Excerpted data —

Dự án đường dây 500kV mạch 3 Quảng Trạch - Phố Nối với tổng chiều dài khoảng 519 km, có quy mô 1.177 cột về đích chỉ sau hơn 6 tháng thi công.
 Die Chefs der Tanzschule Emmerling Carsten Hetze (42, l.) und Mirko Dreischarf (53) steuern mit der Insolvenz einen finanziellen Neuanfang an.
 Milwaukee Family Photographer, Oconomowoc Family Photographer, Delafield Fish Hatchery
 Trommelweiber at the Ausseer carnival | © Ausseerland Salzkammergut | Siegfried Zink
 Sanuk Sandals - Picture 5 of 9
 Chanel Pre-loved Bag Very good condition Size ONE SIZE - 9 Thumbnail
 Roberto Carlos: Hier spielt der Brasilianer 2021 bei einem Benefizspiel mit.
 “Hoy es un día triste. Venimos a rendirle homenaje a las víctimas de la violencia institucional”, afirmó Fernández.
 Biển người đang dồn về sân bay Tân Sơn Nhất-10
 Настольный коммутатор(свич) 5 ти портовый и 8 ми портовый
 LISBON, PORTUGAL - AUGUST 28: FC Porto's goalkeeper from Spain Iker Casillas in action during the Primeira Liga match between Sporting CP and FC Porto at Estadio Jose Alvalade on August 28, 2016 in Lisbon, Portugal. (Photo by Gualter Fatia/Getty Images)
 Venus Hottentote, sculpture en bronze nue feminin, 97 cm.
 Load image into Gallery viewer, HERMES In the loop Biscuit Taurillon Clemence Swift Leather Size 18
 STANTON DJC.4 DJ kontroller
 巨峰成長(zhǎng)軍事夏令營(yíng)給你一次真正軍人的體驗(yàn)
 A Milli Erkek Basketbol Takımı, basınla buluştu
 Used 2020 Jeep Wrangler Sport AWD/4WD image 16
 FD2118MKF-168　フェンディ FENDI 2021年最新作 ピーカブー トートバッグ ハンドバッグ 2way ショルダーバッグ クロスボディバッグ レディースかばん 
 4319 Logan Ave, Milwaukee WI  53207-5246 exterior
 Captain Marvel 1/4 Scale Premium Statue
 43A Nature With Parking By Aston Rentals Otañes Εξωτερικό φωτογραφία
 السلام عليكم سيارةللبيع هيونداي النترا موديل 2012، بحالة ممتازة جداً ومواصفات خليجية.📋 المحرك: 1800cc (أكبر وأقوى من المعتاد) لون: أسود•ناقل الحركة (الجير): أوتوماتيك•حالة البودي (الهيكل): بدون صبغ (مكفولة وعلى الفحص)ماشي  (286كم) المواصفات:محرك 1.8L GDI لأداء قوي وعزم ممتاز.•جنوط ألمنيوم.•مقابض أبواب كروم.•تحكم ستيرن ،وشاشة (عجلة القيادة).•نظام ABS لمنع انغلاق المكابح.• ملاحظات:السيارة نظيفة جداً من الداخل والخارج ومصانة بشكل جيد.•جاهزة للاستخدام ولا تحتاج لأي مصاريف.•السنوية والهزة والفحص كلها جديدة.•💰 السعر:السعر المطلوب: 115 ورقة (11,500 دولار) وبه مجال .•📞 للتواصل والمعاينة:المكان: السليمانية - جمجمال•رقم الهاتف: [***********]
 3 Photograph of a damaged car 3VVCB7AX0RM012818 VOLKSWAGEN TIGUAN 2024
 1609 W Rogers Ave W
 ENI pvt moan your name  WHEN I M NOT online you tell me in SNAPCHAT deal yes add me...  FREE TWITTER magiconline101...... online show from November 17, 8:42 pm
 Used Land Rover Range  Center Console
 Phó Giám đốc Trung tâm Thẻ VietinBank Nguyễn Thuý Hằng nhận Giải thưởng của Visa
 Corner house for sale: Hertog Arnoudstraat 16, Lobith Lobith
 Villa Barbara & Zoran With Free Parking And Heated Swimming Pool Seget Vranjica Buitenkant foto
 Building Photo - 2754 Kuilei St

Your assignment —
Go through the records and report each line that contains "from".

Exercise result —
 LISBON, PORTUGAL - AUGUST 28: FC Porto's goalkeeper from Spain Iker Casillas in action during the Primeira Liga match between Sporting CP and FC Porto at Estadio Jose Alvalade on August 28, 2016 in Lisbon, Portugal. (Photo by Gualter Fatia/Getty Images)
 ENI pvt moan your name  WHEN I M NOT online you tell me in SNAPCHAT deal yes add me...  FREE TWITTER magiconline101...... online show from November 17, 8:42 pm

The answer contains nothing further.